Un autre exemple. En page 147, à propos des génomes de l’homme et du chimpanzé à 98,4 % identiques, vous affirmez : “ Certains scientifiques affirment […] que lorsque nous aurons séquencé le génome du chimpanzé, nous découvrirons les “gènes de l’humanité”, ceux-là même qui seraient responsables de l’apparition du genre Homo. Il s’agirait des gènes différant radicalement entre le chimpanzé et l’homme (la fameuse différence de 1,6 %) ! […] Cette croyance renvoie aux fondements du racisme biologique tel qu’il s’est structuré comme l’une des conséquences idéologiques du darwinisme ”. Or, en page 175, comparant cette fois les génomes de la levure, de la mouche et de l’homme, vous précisez : “ Si nous connaissons déjà la fonction de la moitié de nos gènes, c’est parce que, selon la loi de l’évolution, ils dérivent de ceux des ancêtres de l’homme et bien avant cela, des 7.000 gènes de la levure ou des 14.000 gènes de la drosophile. […] Si nous avons de bonnes indications sur la fonction de 40 % de nos gènes, nous n’en avons qu’une idée extrêmement vague pour 30 % et n’en connaissons rien pour les 30 % restant. Ces derniers sont peut-être tout à fait spécifiques des mammifères supérieurs, c’est pourquoi la levure ou la mouche ne sont d’aucune utilité ”. Donc, si l’on comprend bien votre darwinisme revu et corrigé par la police de la conformité scientifique, il est tout à fait normal de s’intéresser aux gènes qui séparent les insectes et les mammifères, mais il est tout à fait raciste de chercher les gènes qui séparent plusieurs espèces mammifères pourtant issues du même rameau évolutif.

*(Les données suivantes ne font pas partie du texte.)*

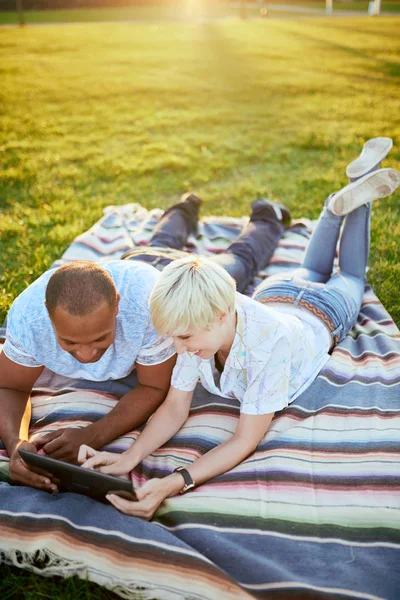 Mixed race couple of millennial in a grass field looking at a digital tablet and reading for their next school paper — Stock Photo, Image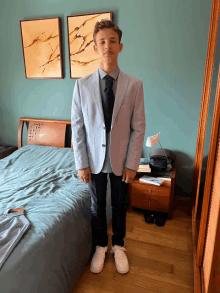 a young man wearing a suit and tie stands in front of a bed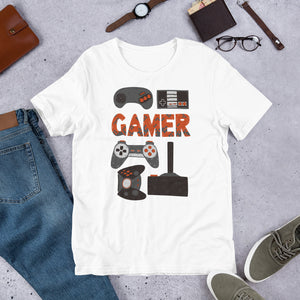 A short sleeved T-shirt laying flat with objects around it. The tee is white and features hand drawn lettering and illustrations featuring different game controllers and the word "gamer." The illustrations and gamer word are in red, grey and black. 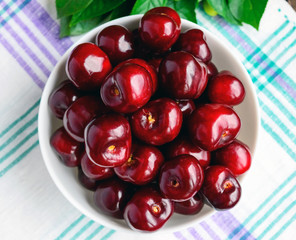 Ripe black cherries in a white bowl on a light background. The top view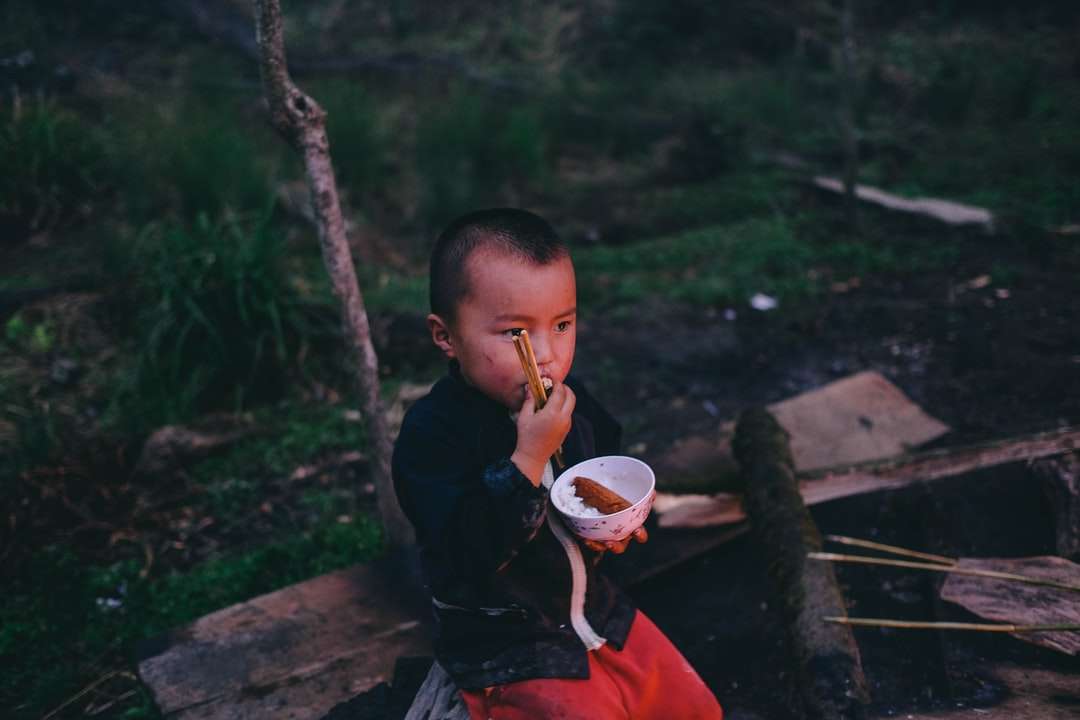 chlapec náušnice jídlo zatímco drží kulatou bílou misku s párem skládačky online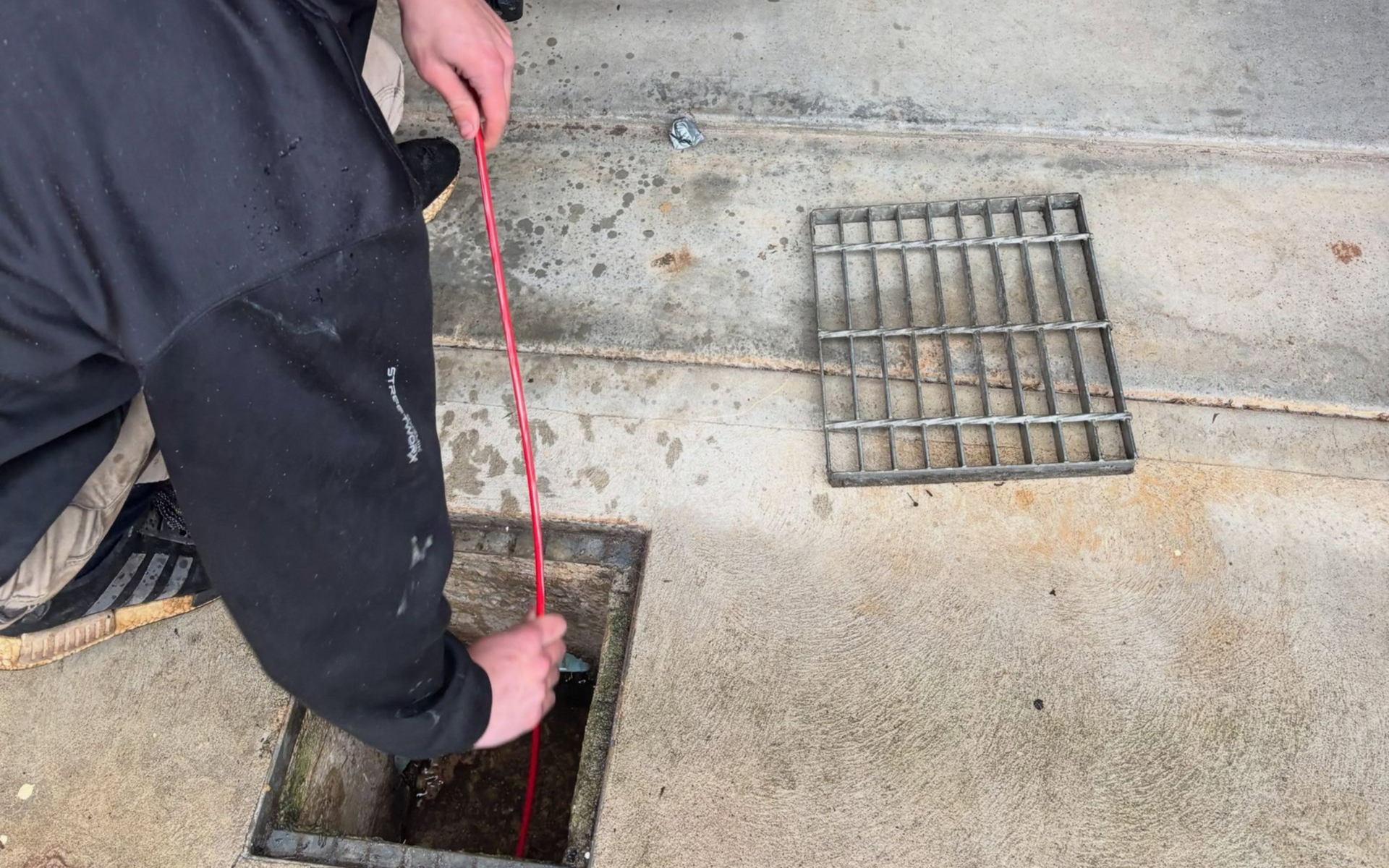 Person lowering a red measuring tape into a floor drain beside a metal grate on a concrete floor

Heureusement que vous êtes généticien, sinon je vous prendrai pour un charlatan.

Il est temps d’achever cette lettre. Je laisse à nos lecteurs le soin de découvrir la surprenante manière (pp. 210-213) par laquelle vous justifiez l’un comme l’autre la loi chinoise de protection de la mère et de l’enfant, pourtant connue comme étant une directive eugénique autoritaire, tout en cassant du sucre sur le dos du méchant Dr Carrel et de l’horrible tradition de l’eugénisme occidental. Je suis plutôt d’accord avec vos raisonnements concernant les politiques asiatiques, et je ne manquerai d’ailleurs pas de le réutiliser cyniquement dans d’autres contextes, pour justifier l’autosélection tout en me réclamant de vos illustres patronymes.

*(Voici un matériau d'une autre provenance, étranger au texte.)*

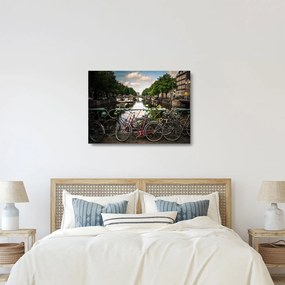 Sklenený obraz bicykla v meste (70x50 cm)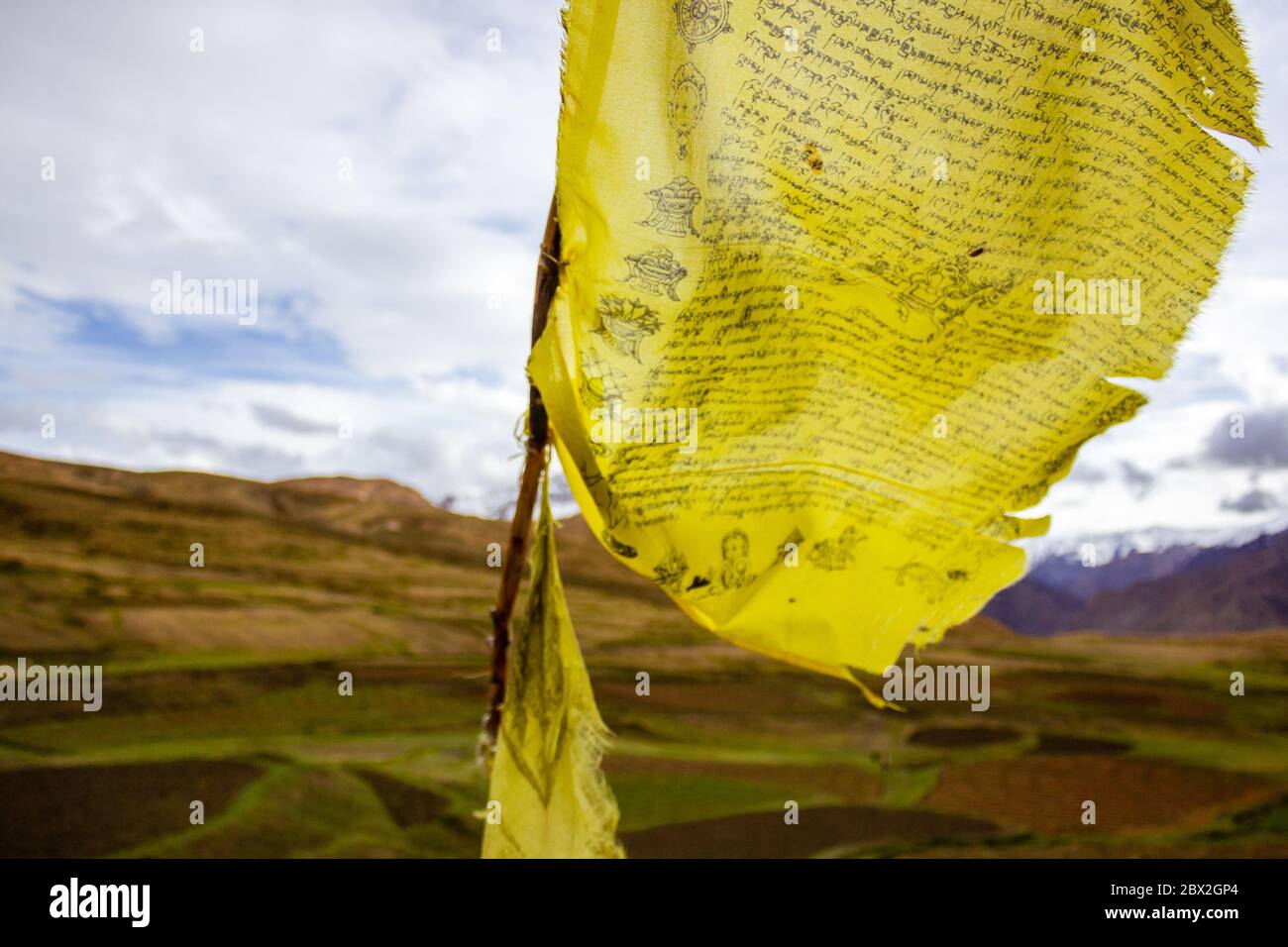 Un drapeau tibétain jaune de prière sur un col de montagne qui flotte dans le vent Banque D'Images Un drapeau tibétain jaune de prière sur un col de montagne qui flotte dans le vent Banque D'Images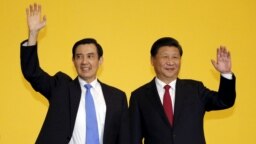 FILE - Chinese President Xi Jinping and Taiwan's then-president Ma Ying-jeou, left, wave to the media during a summit in Singapore, Nov. 7, 2015.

Vous voyez, chers Albert et Axel, tout ne nous éloigne pas. Vous avez même émis l’un et l’autre deux pertinentes pensées que j’abandonne pour finir à la méditation de tous.

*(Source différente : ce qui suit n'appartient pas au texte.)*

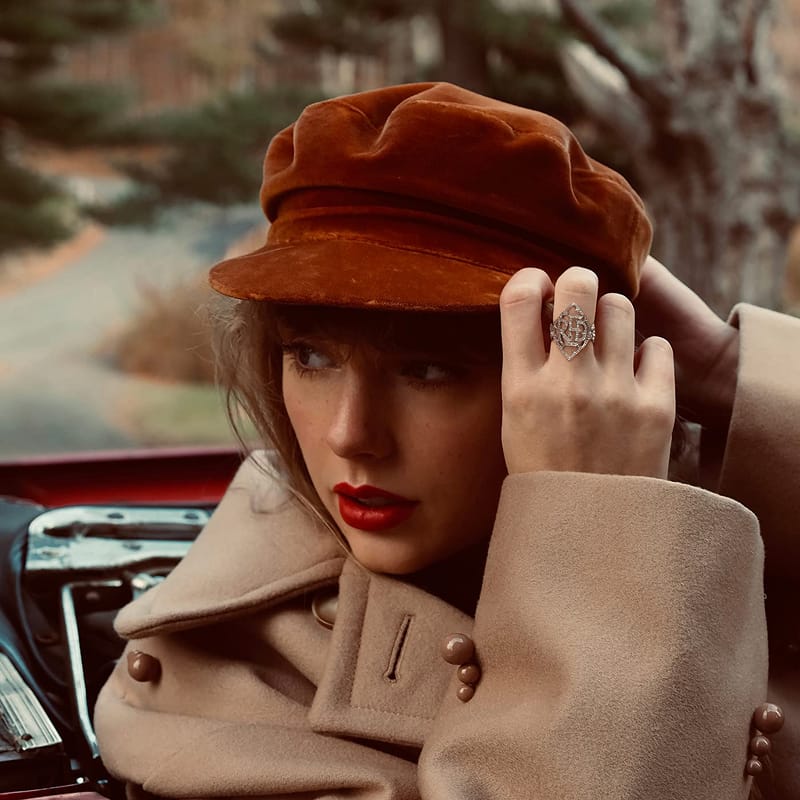 Photographic promo cover for Taylor Swift's Red (Taylor's Version), showing her wearing a velvet cap and tan coat in a vintage car.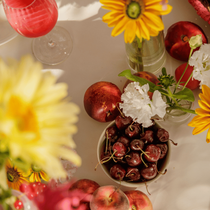 Des cerises dans une coupe sur une table où il y a des fleurs et des pêches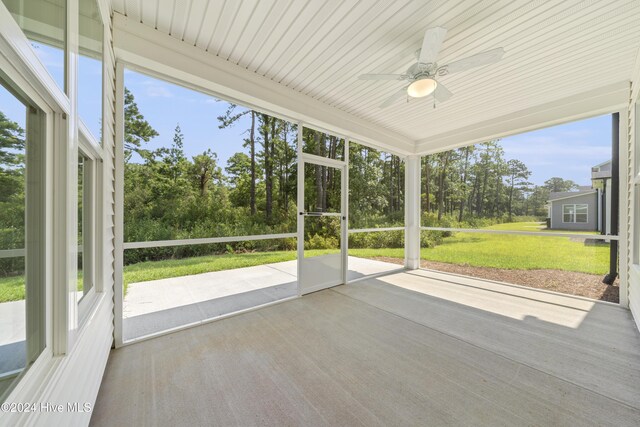 unfurnished sunroom with ceiling fan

Axel Kahn : “ Si toutes les personnes douées sur le plan de la communication et autorisées à s’exprimer ne transmettent plus que la même opinion, nous sombrons alors dans les mécanismes qui fondent une société totalitaire ” (p. 120).

Albert Jacquard : “ Il faut donc être très attentif à tous ceux qui sont tentés de dire un peu n’importe quoi sous prétexte qu’ils se sont fait un nom, après avoir publié un ouvrage sur tel ou tel sujet, dans un domaine scientifique qu’ils maîtrisent parfaitement […] Cette notoriété ne nous donne pas le droit de nous exprimer à tort et à travers sur tout et son contraire ” (p. 245).

Recevez, Cher Albert et Cher Axel, l’expression de mes meilleurs vœux pour l’An II de la Mutation.